Meantime the party had been greatly strengthened by the aid of newspapers printed in its interest. In 1874, Die Volks-Zeitung had been started by a stock company called the Social-Democratic Printing Association. This paper was published at No. 94 South Market Street, with Mr. Brucker as editor. Shortly thereafter, the Vorbote, a weekly paper, was started under the auspices of the Workingmen’s Party at the same number. C. Conzett, formerly a resident of Berne, Switzerland, became its editor. He subsequently bought out the Volks-Zeitung and thereafter published a tri-weekly paper under the name of the Arbeiter-Zeitung, which became a private enterprise in the interest of workingmen. His assistant editor was Gustav Leiser. They made the paper an advocate of revolutionary methods and urged the organization of trades-unions. They encouraged strikes and held that only through such means could workingmen secure their rights. They published without charge all grievances of laboring men on the score of non-payment of wages and abuses of manufacturing concerns, but each article had the full name of the writer. At first the editors did not favor a resort to the ballot-box to remedy grievances. It was not until after the great railroad strike of July, 1877, that they advocated an organized fight in elections independently of the old parties. The workingmen, they urged, must elect men of their own in order to secure favorable legislation.
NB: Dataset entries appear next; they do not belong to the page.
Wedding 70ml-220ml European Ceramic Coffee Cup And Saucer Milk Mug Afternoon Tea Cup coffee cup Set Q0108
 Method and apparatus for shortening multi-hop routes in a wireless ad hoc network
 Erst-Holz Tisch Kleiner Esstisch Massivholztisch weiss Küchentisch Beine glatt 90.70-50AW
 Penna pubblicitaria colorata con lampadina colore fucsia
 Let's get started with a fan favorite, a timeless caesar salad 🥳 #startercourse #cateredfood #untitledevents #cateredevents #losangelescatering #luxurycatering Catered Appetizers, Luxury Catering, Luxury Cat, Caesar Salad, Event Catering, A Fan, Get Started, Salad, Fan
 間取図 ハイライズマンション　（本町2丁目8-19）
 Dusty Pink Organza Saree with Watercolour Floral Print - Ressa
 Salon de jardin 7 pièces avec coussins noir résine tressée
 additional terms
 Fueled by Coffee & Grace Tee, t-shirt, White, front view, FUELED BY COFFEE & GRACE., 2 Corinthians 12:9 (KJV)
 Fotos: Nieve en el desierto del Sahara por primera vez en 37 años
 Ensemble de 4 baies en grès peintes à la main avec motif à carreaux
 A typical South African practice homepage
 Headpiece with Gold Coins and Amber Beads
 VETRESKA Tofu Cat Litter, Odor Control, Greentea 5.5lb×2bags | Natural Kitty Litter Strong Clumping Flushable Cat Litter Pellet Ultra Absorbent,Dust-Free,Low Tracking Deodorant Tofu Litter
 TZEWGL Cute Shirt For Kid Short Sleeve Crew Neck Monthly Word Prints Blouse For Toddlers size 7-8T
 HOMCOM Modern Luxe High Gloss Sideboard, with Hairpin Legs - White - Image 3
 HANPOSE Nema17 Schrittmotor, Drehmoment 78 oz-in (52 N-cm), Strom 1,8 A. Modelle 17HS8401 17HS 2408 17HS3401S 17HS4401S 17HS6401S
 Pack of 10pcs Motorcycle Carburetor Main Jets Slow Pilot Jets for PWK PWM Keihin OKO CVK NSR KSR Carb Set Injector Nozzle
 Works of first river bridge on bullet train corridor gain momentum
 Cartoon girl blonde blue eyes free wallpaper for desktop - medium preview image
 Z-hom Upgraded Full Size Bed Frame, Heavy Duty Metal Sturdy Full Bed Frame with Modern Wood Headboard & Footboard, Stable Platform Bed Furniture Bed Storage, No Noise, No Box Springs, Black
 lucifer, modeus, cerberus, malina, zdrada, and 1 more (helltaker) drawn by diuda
In 1878 an English weekly called the Socialist was started under the auspices of the main section of the Socialistic Labor Party of Chicago. This main section was composed of the German, English, Scandinavian and French sections, and they employed Frank Hirth as editor at a salary of $15 per week and A. R. Parsons as assistant at a salary of $12 per week. This paper was made the organ in the English language of the Socialistic Labor Party, and, while it made some headway at the start, it succumbed within a year, owing to jealousies and differences of opinion between the German and English sections.

About the time the Socialist was established another paper was put in the field by the Scandinavian section. It was called Den Nye Tid, and was edited by Mr. Peterson.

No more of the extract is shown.